Your instructions: From the entries below, write out exactly the lines between the line holding "- Caliber Tooling" and the line holding "Guernsey 25 Pounds", inclusive, excluding any pictures.
##### Given records #####
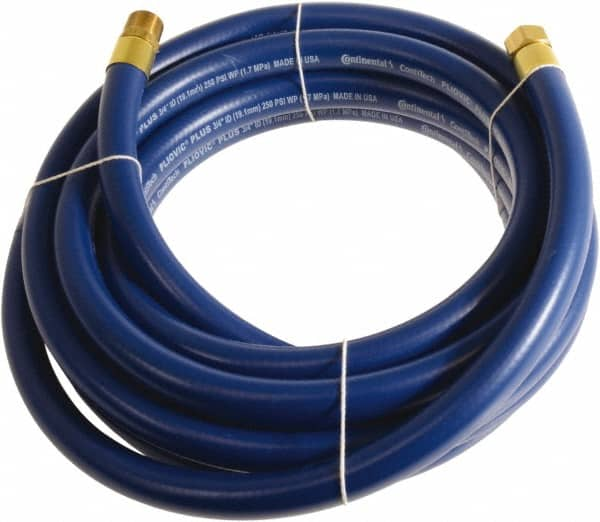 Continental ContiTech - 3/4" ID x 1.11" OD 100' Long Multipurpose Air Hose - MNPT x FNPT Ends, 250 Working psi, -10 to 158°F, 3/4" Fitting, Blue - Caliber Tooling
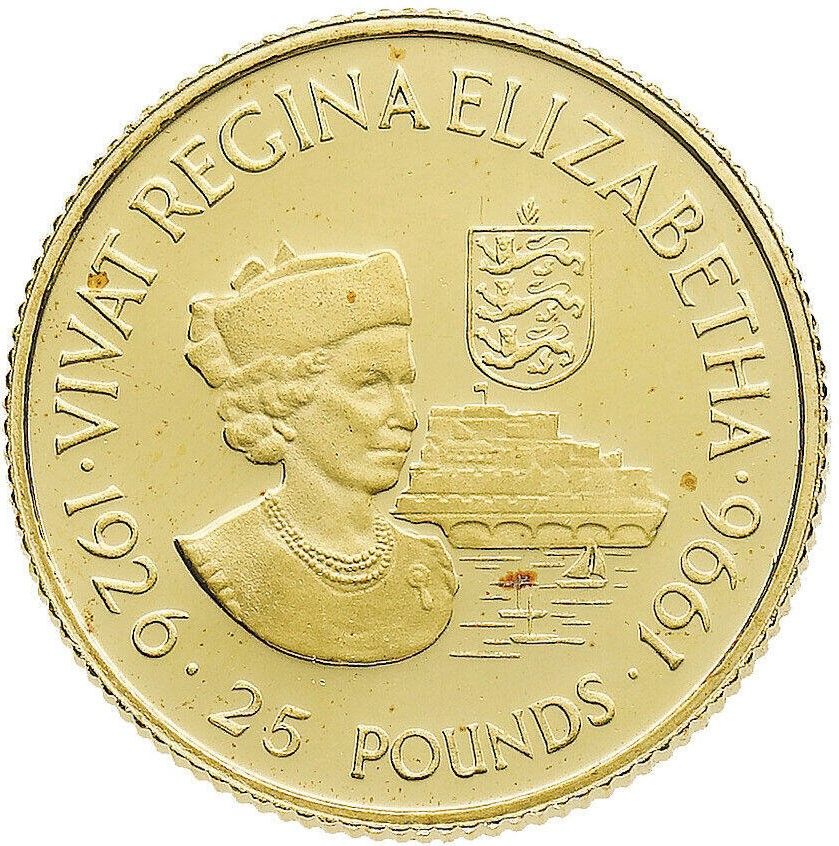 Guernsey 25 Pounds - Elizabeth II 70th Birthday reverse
#####
##### Given records #####
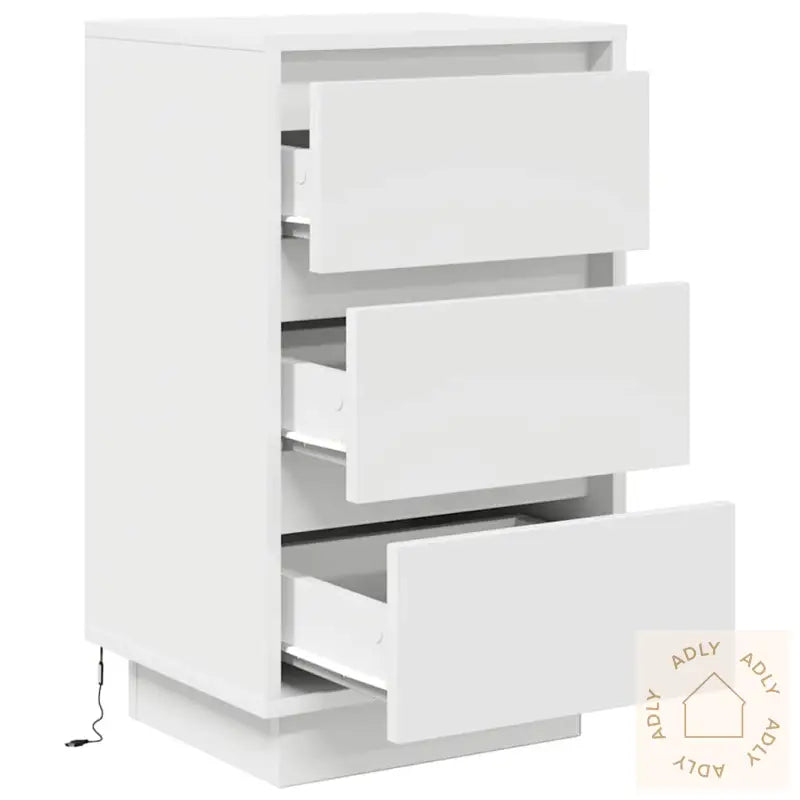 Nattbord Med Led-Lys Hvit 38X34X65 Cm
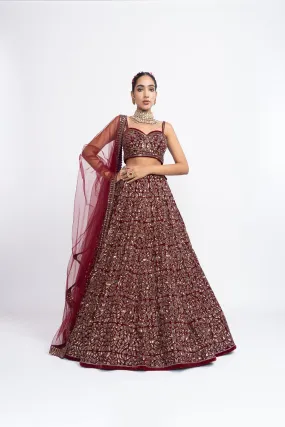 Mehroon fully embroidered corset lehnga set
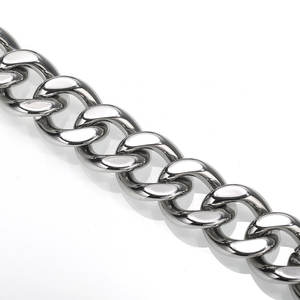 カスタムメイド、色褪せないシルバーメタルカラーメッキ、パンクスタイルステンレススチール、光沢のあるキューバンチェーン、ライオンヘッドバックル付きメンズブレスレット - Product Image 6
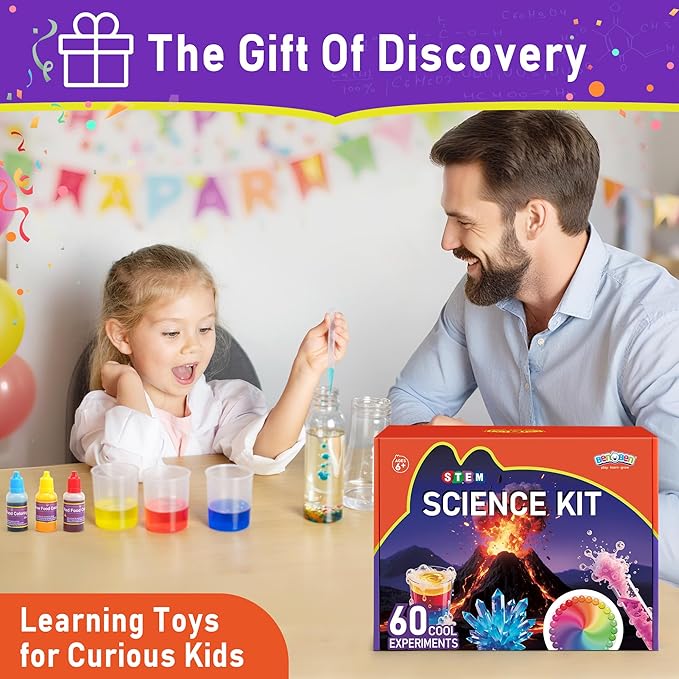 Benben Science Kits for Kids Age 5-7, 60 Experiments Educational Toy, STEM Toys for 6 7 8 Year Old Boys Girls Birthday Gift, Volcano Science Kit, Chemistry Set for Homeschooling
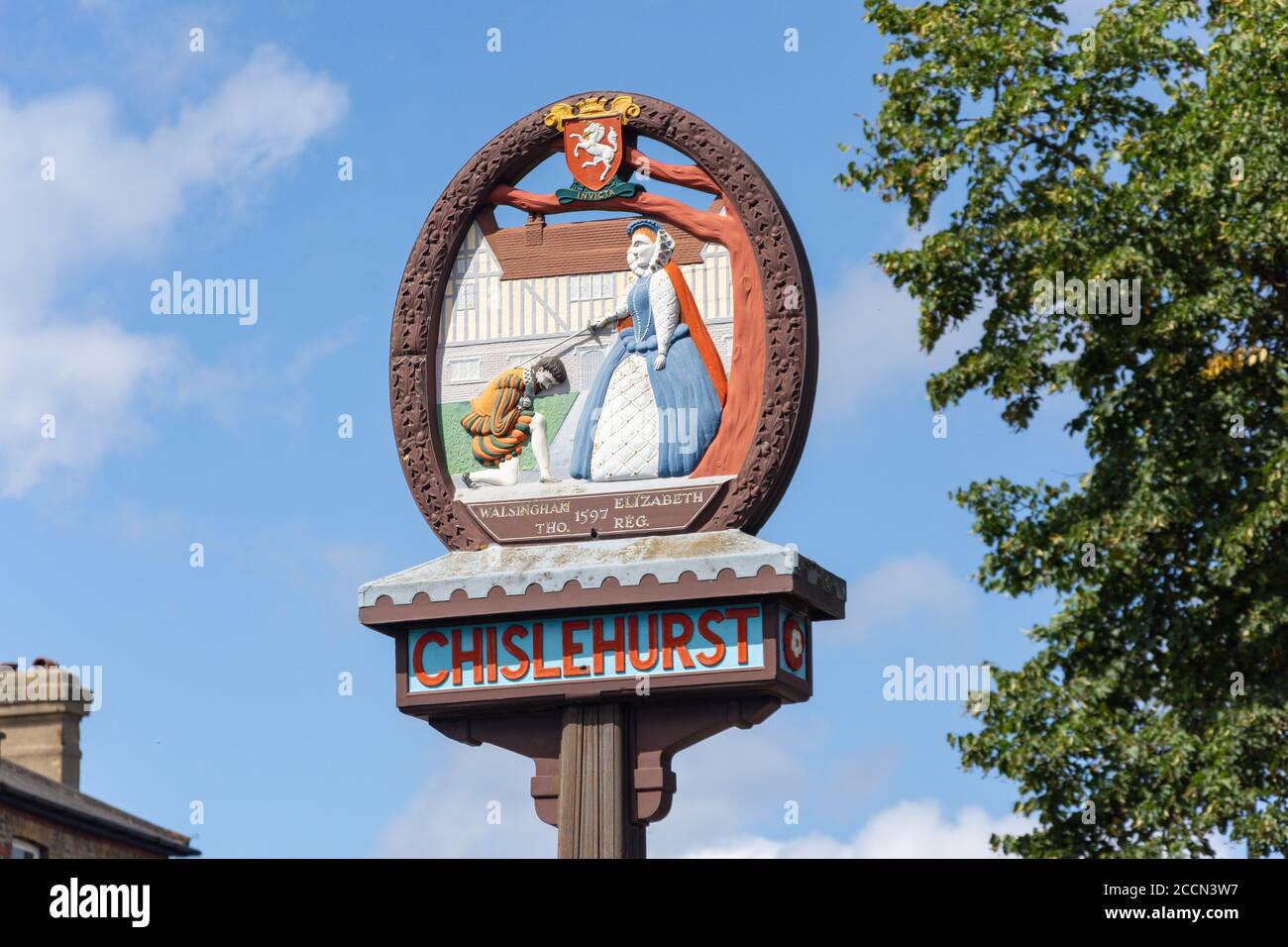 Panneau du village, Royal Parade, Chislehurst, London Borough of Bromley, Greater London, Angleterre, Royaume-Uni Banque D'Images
#####
Result of the task:
 Continental ContiTech - 3/4" ID x 1.11" OD 100' Long Multipurpose Air Hose - MNPT x FNPT Ends, 250 Working psi, -10 to 158°F, 3/4" Fitting, Blue - Caliber Tooling
 Guernsey 25 Pounds - Elizabeth II 70th Birthday reverse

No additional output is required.